Hamilton is considered the "resident vet" for his parts. There are a lot of people with horses in that region. Most are kept for such purposes as fox hunting, showing and jumping.

"There's an advantage to having partners," says Hamilton. "With several vets, we share emergency calls, so I'm not always racing out at night. Our busy reproductive work is from mid-January through May when the mares are foaling. Also, people bring their racehorses down here between January and May. They'll come from New England, Chicago and the Midwest. These are very committed horse owners. They'll spend six months of the year here with their horses."

Hamilton notes how difficult it is to get into vet school now that there are so few schools in North America. He thinks the single most important thing is to spend time before school exposing yourself to the profession.
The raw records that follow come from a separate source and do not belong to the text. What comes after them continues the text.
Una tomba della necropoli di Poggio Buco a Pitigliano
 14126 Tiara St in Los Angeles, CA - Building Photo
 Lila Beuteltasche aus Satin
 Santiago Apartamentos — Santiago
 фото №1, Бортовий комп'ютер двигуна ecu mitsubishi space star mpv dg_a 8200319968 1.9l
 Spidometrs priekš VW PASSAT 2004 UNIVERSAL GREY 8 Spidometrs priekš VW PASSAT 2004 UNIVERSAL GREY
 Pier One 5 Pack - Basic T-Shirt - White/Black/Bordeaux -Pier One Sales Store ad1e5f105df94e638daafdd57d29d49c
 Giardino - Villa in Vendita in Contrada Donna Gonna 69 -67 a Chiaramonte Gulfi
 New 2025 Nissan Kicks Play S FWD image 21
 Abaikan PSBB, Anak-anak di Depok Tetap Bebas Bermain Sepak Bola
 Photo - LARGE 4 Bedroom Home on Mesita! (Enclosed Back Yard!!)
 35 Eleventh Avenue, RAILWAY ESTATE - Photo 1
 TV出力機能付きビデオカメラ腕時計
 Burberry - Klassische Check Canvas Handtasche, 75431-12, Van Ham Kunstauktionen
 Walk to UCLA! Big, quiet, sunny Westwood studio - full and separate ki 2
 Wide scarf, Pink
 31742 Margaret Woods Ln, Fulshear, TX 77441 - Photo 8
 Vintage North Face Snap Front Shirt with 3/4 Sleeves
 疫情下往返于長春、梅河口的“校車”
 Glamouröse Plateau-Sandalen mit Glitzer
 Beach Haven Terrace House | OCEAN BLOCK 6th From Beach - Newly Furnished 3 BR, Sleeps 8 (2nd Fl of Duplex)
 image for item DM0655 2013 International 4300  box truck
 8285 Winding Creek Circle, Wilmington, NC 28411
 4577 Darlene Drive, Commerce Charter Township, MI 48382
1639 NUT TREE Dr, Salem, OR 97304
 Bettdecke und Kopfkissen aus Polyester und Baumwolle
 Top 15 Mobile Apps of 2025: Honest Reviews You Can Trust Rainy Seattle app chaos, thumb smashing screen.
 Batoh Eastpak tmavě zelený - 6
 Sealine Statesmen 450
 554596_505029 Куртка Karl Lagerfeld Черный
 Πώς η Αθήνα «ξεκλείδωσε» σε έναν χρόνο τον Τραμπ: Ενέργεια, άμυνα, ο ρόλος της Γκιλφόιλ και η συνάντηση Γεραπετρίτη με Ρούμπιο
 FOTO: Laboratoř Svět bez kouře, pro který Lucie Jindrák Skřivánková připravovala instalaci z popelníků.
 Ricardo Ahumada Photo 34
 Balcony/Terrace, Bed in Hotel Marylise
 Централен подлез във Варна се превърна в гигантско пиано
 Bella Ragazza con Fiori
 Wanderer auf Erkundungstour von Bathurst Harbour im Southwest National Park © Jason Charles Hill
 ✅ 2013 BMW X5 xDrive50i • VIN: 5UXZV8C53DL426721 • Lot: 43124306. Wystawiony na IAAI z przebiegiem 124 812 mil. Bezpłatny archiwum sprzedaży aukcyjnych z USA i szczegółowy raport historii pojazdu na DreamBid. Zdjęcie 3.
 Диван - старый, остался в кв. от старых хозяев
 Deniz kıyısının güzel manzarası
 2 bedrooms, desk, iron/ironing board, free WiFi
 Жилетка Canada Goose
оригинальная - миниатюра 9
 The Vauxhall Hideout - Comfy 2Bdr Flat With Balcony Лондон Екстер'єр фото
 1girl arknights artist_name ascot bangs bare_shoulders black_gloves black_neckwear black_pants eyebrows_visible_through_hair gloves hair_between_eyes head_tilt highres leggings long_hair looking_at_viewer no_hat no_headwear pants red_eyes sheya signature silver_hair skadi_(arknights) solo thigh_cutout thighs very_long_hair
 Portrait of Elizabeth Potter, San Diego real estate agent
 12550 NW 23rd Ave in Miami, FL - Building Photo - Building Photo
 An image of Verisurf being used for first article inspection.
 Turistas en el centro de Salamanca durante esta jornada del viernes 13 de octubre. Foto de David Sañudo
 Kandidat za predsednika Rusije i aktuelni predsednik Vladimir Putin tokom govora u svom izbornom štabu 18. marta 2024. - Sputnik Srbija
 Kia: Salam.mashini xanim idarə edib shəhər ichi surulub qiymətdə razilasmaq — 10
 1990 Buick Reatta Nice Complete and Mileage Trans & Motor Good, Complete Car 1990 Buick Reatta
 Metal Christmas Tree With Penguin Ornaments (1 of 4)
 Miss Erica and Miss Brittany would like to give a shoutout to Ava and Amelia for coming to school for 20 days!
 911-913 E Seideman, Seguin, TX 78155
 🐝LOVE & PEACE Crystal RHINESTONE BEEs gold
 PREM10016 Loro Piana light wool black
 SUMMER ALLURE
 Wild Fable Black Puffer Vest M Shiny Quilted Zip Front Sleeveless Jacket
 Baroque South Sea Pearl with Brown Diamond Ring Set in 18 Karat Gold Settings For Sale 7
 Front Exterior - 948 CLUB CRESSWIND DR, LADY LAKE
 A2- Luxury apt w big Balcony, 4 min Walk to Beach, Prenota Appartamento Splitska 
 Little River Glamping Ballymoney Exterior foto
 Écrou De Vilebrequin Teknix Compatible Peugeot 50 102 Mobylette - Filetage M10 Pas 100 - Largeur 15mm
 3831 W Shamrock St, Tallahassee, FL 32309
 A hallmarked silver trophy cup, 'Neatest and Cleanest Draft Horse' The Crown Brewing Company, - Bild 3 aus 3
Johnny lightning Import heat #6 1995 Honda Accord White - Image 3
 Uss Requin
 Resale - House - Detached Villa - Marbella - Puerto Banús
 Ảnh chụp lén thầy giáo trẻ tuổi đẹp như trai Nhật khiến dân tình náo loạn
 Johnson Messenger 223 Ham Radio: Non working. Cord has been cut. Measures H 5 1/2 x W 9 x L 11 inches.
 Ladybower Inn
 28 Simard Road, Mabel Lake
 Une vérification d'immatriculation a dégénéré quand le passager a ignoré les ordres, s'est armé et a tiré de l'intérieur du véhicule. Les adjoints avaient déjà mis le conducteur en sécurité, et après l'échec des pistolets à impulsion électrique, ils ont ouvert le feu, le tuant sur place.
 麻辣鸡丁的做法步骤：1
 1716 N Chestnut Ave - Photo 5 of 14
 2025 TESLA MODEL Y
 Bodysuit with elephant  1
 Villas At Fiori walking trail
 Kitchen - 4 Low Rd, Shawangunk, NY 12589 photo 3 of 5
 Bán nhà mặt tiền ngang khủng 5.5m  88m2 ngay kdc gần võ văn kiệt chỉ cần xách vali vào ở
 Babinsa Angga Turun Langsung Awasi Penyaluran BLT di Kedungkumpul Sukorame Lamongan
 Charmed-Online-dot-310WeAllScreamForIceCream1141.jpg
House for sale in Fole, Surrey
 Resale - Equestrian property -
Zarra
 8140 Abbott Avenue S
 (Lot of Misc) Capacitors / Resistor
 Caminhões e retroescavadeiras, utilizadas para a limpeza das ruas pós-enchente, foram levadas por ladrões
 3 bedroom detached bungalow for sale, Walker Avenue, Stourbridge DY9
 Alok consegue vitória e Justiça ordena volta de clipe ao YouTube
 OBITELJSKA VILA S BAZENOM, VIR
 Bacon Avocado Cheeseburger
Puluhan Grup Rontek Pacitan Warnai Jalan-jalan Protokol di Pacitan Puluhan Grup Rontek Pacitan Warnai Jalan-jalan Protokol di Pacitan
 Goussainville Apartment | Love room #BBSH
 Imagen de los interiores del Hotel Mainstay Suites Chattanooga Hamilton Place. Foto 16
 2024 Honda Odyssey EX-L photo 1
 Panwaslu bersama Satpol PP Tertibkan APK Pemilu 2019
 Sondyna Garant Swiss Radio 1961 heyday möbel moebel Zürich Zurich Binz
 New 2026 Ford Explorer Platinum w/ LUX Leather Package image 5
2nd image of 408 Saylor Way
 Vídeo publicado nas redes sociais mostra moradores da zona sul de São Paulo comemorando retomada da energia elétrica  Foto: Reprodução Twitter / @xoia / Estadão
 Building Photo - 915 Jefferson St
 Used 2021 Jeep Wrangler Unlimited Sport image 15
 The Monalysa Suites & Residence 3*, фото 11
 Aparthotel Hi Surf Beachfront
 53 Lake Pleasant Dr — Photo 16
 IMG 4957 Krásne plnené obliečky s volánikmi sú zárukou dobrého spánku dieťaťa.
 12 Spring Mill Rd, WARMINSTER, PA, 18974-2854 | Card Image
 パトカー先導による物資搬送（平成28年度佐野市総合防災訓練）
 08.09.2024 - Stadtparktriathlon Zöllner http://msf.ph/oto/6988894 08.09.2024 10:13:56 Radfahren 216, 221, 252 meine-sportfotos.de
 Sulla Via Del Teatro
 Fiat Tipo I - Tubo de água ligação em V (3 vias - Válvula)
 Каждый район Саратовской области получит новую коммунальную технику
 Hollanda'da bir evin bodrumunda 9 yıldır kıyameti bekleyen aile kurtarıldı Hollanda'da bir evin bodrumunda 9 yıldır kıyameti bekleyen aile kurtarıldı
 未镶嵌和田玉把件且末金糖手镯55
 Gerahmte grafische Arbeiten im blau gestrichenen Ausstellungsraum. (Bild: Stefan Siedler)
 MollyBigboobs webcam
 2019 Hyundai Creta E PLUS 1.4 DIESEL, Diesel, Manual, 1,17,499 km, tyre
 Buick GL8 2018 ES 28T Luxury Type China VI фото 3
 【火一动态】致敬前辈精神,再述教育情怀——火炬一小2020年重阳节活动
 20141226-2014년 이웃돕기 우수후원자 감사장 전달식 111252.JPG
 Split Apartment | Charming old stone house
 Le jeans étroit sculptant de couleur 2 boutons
"Be a volunteer," he suggests, "because a lot of people become vets and then leave it. It's a very demanding job. The reward is not always commensurate with the effort. Rather than go through all the time and money, try it out thoroughly. Make an aggressive effort -- don't just clean stables."

The hardest part for Hamilton is dealing with the owners. "People are strange," he says. "You've got to keep clients happy, along with taking care of their horses. You have to be a good communicator and have an excellent bedside manner, even for a horse."

Guitard loves working outside and having such close contact with her patients. "You really get to know them, the horses," she says. "You can have a lot of fun with them. I remember all my dad's 'kids.' They all have such distinct personalities."

She agrees with Hamilton, though. "Horses are easy," she says. "It's people who are tough."